Inmitten dieser blassen Genre-Melange stehen drei Darsteller, die dem Film eine Tiefe verleihen, die dem Drehbuch fremd bleibt. Julia Garner verkörpert Blakes Partnerin mit einer Mischung aus Verletzlichkeit und innerer Stärke, die den Film immer dann hebt, wenn er droht, in Mittelmäßigkeit zu sinken. Ihre Darstellung hat Nuancen, die man in einem stärker auf Charakter konzentrierten Film viel größer hätte ausspielen können. Christopher Abbott wiederum gelingt es, die Auflösung seiner Figur spürbar zu machen. Er zeigt einen Mann im inneren Zerfall, mal stoisch, mal verwirrt, mal von einem animalischen Impuls durchzuckt. Seine Mimik, sein Tempo, sein Spiel zwischen Kontrolle und Kontrollverlust sind präzise.
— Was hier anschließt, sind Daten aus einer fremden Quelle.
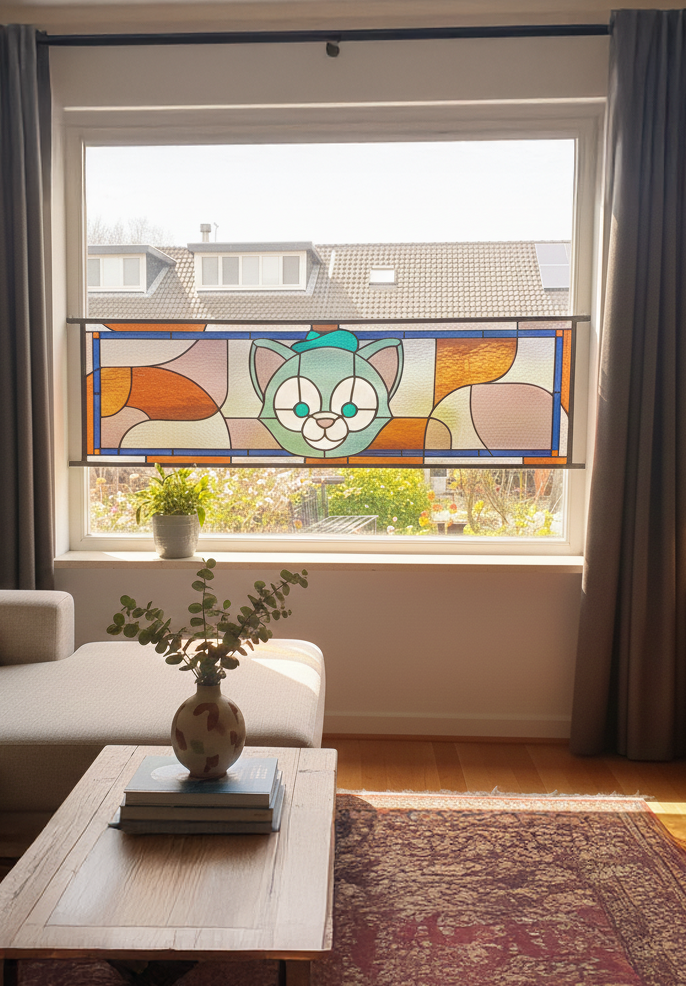 Glas-in-lood raam met karakter, op maat ontworpen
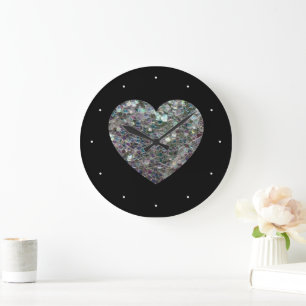 Grande Horloge Ronde Parties scintillant en mosaïque d'argent brillant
Matilda Firth kann als Tochter ebenfalls überzeugen, und dieses Trio schafft es, uns zumindest stellenweise emotional zu involvieren.

Fazit

„Wolf Man“ ist eine elegante, schön inszenierte, manchmal berührende – und doch erschreckend durchschnittliche Neuinterpretation des Werwolf-Mythos. Whannell bleibt seltsam zahm, als wollte er vermeiden, die Bestie wirklich aus dem Käfig zu lassen. Der Film versucht, ein psychologisches Drama zu sein, hat dafür aber zu wenig Tiefgang. Er möchte ein Horrorfilm sein, ist dafür aber zu harmlos. Er möchte atmosphärisch sein, bleibt aber farblos. Und doch: Es gibt drei starke Darsteller. Eine großartige Transformation. Einzelne Momente, die aufblitzen und daran erinnern, dass hier ein Regisseur am Werk ist, der sein Handwerk eigentlich versteht. Am Ende steht ein Film, der sich nirgends blamiert, aber auch nirgends brilliert. Ein Wolf, der nur selten heult und fast nie beißt.